§ Work item
The data below should be retyped exactly, with the pictures left out.

§ Image-caption web data
################

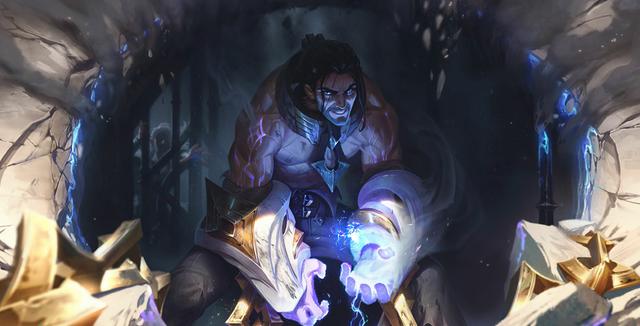 德玛西亚是什么意思，德玛西亚是什么意思 新闻（LOL：德玛西亚已成最大反派）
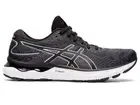 GENUINE || Asics Gel Nimbus 24 Mens Running Shoes (2E Wide) (001)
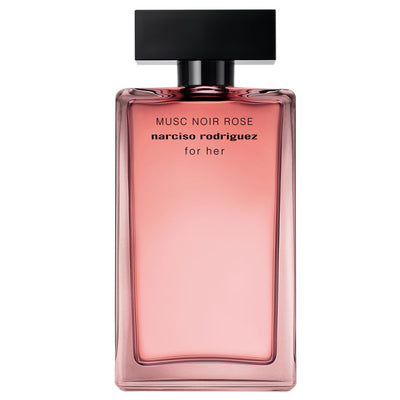 Musc Noir Rose Eau De Parfum Spray 100 Ml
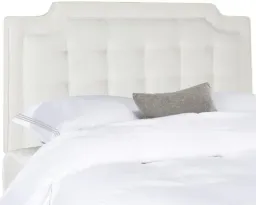 white color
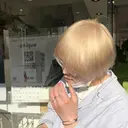 ✔️ダブルカラー ✔️ショート✔️今野のプロフィール画像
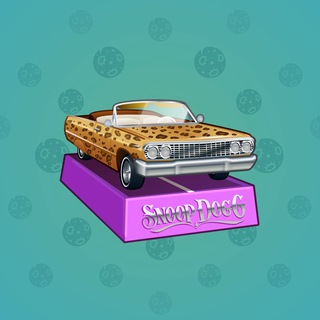 Low Rider #6823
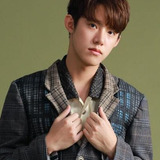 Юй Цзе Энь — Wu Si Qi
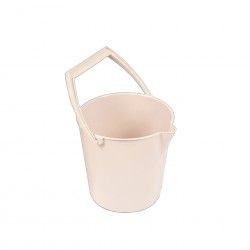 Balde Plstico com Bico Cor Sortida 7l 23X23.3cm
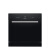 西门子（SIEMENS）原装进口10套嵌入式洗碗机 高端版家用全自动黑色 SC454B08AC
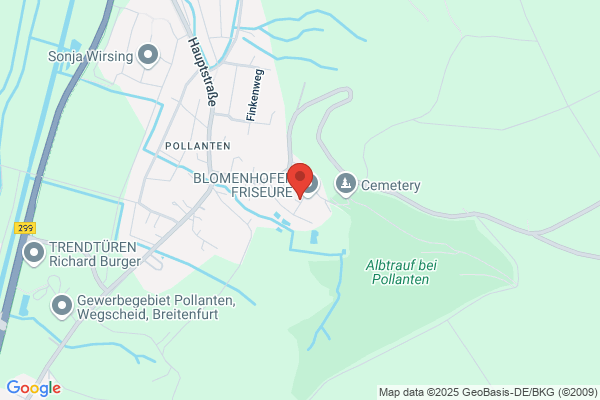Pfarramt Pollanten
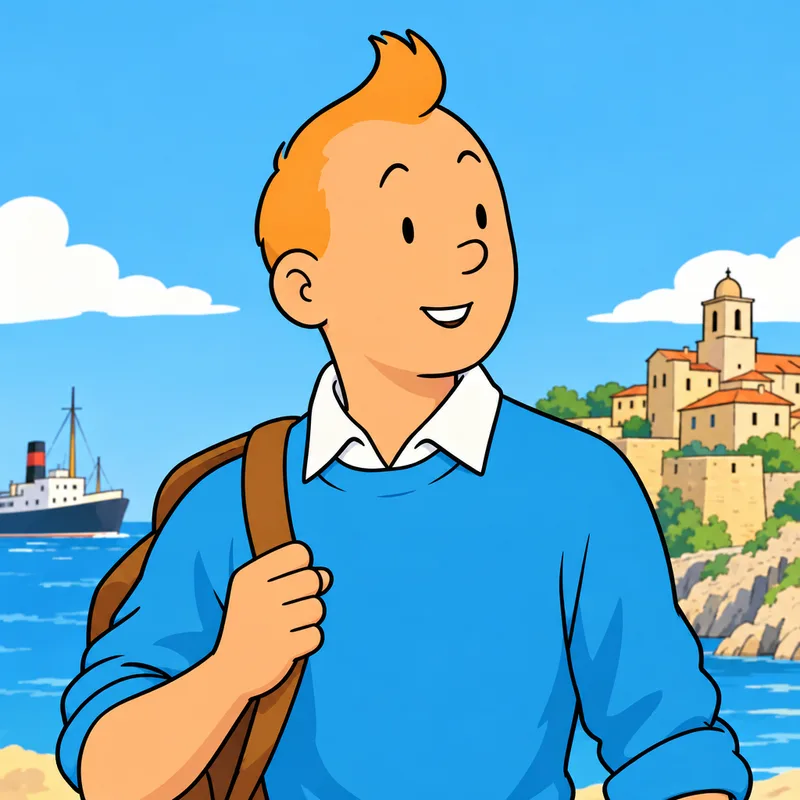 Tintin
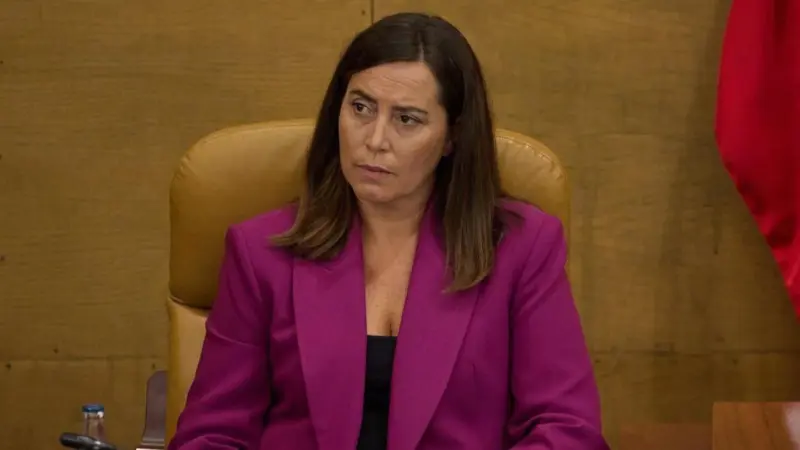 Jueza cierra caso Ana Millán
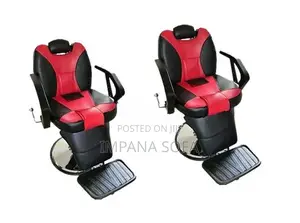 IMPORTED PEOPLES SALON CUTTING CHAIR- HB5005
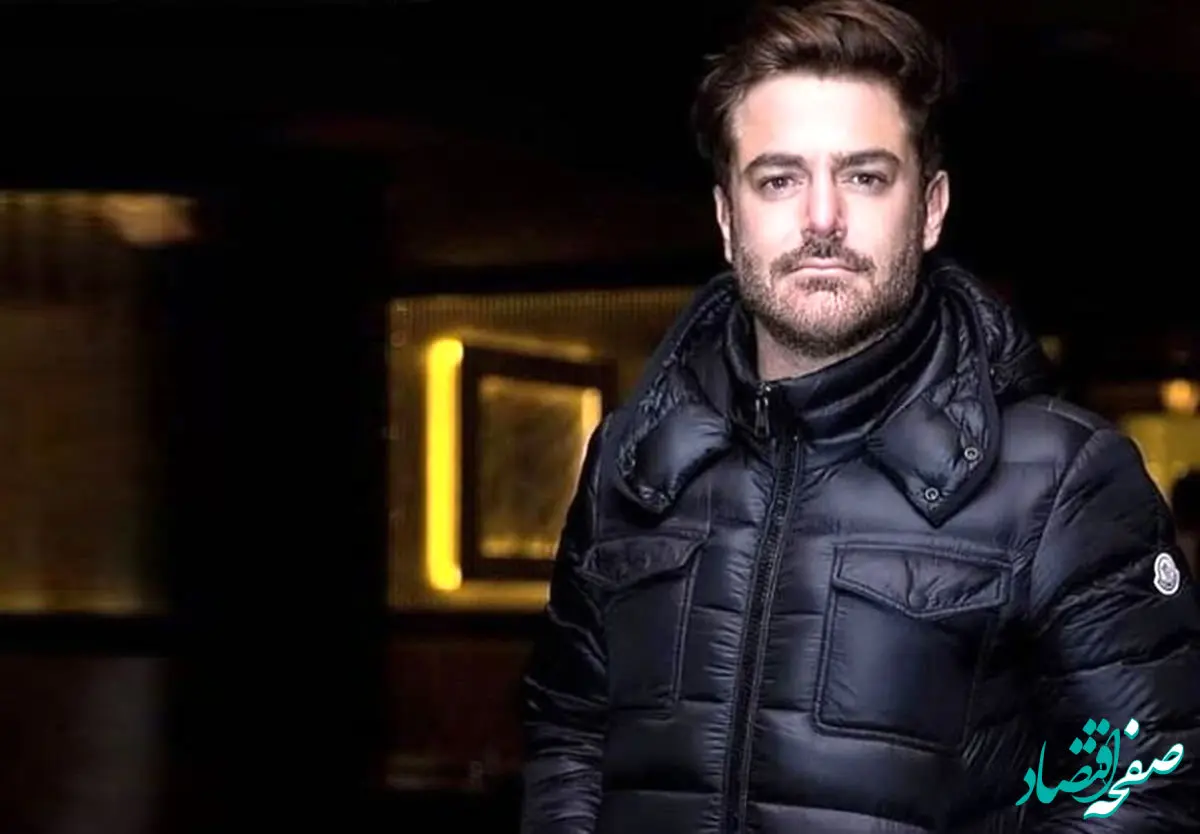 عکس | تصویر جدید محمدرضا گلزار در جمع دوستانش در زمین پدل!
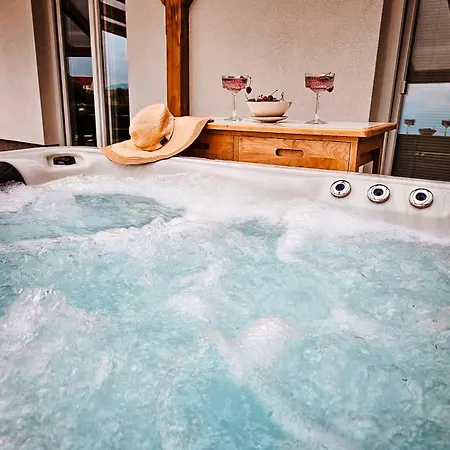 Sunset Spa Boutique Resort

################

§ Solution to the exercise
 德玛西亚是什么意思，德玛西亚是什么意思 新闻（LOL：德玛西亚已成最大反派）
 GENUINE || Asics Gel Nimbus 24 Mens Running Shoes (2E Wide) (001)
 Musc Noir Rose Eau De Parfum Spray 100 Ml
 white color
 ✔️ダブルカラー ✔️ショート✔️今野のプロフィール画像
 Low Rider #6823
 Юй Цзе Энь — Wu Si Qi
 Balde Plstico com Bico Cor Sortida 7l 23X23.3cm
 西门子（SIEMENS）原装进口10套嵌入式洗碗机 高端版家用全自动黑色 SC454B08AC
Pfarramt Pollanten
 Tintin
 Jueza cierra caso Ana Millán
 IMPORTED PEOPLES SALON CUTTING CHAIR- HB5005
 عکس | تصویر جدید محمدرضا گلزار در جمع دوستانش در زمین پدل!
 Sunset Spa Boutique Resort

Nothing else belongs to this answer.